What to work on -
Let the answer be the lines from the one with "masterpiece, best quality, amazing" to the end of the entries, copied exactly with both boundary lines kept.

Given data -
----------
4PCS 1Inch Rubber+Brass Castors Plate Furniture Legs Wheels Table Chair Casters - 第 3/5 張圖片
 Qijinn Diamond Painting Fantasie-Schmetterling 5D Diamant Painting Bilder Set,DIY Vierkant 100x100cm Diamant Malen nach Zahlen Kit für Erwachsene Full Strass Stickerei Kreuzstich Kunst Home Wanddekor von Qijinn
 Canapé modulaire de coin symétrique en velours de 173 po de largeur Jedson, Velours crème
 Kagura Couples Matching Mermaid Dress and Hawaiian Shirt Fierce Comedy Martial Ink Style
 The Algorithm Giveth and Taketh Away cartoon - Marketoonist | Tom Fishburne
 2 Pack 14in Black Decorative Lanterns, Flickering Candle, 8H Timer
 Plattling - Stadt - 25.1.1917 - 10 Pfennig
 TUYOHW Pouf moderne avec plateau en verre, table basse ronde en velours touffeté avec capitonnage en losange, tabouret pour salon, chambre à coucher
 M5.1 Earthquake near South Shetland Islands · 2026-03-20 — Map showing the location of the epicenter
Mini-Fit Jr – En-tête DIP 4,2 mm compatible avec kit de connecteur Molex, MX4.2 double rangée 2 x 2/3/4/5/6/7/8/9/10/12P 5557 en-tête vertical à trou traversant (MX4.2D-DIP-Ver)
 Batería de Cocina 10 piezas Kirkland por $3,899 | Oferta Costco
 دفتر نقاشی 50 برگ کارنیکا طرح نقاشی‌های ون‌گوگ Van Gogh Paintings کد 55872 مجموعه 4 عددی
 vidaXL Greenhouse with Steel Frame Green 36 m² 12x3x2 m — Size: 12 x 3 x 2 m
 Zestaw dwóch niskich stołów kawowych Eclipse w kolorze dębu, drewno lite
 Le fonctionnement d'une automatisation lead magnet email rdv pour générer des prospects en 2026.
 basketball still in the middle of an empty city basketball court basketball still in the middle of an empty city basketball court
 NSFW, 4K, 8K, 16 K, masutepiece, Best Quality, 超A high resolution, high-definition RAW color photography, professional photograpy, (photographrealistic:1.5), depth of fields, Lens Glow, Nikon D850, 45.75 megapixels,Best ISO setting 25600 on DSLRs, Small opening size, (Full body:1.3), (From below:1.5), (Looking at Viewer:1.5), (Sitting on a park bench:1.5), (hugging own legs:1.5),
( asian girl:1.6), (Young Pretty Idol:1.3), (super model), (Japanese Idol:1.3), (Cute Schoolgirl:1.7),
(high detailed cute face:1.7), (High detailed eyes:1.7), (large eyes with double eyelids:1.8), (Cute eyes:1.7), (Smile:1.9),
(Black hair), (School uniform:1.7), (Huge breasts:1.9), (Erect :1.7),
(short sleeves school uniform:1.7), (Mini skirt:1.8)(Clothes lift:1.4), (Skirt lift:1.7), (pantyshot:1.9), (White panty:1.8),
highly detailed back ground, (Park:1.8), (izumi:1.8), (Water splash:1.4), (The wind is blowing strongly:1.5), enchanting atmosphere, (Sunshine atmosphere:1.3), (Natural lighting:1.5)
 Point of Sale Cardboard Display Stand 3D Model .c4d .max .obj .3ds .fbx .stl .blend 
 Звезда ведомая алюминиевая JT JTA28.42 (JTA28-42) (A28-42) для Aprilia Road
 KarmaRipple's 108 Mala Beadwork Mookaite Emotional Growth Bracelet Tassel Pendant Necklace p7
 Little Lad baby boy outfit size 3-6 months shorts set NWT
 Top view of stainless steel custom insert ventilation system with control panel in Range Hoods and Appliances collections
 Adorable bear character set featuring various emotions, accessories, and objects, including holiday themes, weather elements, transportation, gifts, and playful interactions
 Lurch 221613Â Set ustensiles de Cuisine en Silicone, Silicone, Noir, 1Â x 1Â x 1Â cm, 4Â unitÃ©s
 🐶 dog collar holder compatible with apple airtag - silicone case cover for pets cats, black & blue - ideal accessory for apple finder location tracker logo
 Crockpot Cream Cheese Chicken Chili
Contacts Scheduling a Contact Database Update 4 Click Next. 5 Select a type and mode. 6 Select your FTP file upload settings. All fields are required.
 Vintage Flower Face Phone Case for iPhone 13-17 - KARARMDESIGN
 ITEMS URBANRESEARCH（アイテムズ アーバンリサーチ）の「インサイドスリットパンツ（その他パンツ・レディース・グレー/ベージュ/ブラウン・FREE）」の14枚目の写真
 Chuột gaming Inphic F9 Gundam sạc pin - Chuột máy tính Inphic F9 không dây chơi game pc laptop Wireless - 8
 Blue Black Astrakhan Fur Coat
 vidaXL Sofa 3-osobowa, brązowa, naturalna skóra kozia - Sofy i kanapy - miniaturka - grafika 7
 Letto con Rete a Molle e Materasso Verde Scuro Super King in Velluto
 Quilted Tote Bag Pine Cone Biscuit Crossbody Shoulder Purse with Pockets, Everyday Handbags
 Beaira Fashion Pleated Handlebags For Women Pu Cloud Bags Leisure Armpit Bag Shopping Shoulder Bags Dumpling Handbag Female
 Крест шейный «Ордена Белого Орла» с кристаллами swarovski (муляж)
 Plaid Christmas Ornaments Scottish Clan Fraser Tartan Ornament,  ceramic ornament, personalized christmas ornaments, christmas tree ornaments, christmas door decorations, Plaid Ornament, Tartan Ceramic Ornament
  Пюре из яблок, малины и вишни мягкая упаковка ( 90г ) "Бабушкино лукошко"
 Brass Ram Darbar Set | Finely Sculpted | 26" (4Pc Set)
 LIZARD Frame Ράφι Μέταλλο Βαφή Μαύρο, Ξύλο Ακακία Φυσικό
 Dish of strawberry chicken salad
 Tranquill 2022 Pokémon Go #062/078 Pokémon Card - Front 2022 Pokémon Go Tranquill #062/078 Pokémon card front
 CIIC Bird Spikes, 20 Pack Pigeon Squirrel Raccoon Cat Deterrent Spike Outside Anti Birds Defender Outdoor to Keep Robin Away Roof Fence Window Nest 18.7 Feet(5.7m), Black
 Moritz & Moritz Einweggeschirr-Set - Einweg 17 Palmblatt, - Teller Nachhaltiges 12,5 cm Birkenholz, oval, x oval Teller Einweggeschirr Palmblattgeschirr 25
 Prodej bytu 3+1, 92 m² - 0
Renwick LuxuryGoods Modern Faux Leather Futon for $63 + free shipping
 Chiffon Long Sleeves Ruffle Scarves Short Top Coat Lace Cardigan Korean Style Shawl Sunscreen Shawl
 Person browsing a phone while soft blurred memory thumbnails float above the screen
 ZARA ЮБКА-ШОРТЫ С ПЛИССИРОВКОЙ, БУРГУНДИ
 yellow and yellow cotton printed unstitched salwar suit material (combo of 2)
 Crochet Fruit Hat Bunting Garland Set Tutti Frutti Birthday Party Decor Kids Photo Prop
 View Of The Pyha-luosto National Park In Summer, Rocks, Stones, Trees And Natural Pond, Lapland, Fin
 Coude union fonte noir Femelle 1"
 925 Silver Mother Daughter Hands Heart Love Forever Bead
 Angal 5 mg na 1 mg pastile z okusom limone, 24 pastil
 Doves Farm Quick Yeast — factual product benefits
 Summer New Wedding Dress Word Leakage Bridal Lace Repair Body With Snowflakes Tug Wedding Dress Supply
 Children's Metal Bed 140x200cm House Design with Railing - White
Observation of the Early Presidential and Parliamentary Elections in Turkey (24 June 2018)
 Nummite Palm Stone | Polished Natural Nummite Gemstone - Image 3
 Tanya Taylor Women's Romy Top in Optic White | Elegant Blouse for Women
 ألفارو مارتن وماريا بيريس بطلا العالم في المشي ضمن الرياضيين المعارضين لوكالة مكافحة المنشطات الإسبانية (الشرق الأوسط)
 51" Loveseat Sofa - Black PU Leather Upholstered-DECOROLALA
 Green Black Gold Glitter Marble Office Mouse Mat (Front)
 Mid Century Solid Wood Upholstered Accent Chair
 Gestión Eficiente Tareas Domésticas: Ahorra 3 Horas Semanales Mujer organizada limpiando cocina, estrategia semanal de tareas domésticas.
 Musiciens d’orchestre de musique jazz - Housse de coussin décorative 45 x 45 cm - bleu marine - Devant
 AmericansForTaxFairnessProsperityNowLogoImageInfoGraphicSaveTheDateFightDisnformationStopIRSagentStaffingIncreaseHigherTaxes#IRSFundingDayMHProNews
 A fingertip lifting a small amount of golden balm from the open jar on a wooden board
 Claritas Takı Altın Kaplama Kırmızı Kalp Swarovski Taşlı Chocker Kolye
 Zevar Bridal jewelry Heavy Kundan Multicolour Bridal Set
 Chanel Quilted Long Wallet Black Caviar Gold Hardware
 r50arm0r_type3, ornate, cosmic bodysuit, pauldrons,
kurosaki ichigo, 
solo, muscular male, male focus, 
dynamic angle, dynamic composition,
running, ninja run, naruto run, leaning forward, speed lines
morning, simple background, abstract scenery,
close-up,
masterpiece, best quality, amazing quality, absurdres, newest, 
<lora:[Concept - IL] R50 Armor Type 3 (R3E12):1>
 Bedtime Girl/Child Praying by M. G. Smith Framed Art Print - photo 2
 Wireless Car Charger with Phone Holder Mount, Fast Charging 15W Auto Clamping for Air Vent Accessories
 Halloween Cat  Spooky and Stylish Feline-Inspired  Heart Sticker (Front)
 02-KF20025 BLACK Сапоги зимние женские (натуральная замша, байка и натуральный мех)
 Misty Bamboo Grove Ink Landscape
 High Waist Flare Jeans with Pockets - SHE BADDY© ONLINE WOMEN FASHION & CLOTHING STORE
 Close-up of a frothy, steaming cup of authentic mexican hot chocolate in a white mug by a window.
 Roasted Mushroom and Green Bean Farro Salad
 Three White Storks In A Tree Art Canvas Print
----------
Task answer -
masterpiece, best quality, amazing quality, absurdres, newest, 
<lora:[Concept - IL] R50 Armor Type 3 (R3E12):1>
 Bedtime Girl/Child Praying by M. G. Smith Framed Art Print - photo 2
 Wireless Car Charger with Phone Holder Mount, Fast Charging 15W Auto Clamping for Air Vent Accessories
 Halloween Cat  Spooky and Stylish Feline-Inspired  Heart Sticker (Front)
 02-KF20025 BLACK Сапоги зимние женские (натуральная замша, байка и натуральный мех)
 Misty Bamboo Grove Ink Landscape
 High Waist Flare Jeans with Pockets - SHE BADDY© ONLINE WOMEN FASHION & CLOTHING STORE
 Close-up of a frothy, steaming cup of authentic mexican hot chocolate in a white mug by a window.
 Roasted Mushroom and Green Bean Farro Salad
 Three White Storks In A Tree Art Canvas Print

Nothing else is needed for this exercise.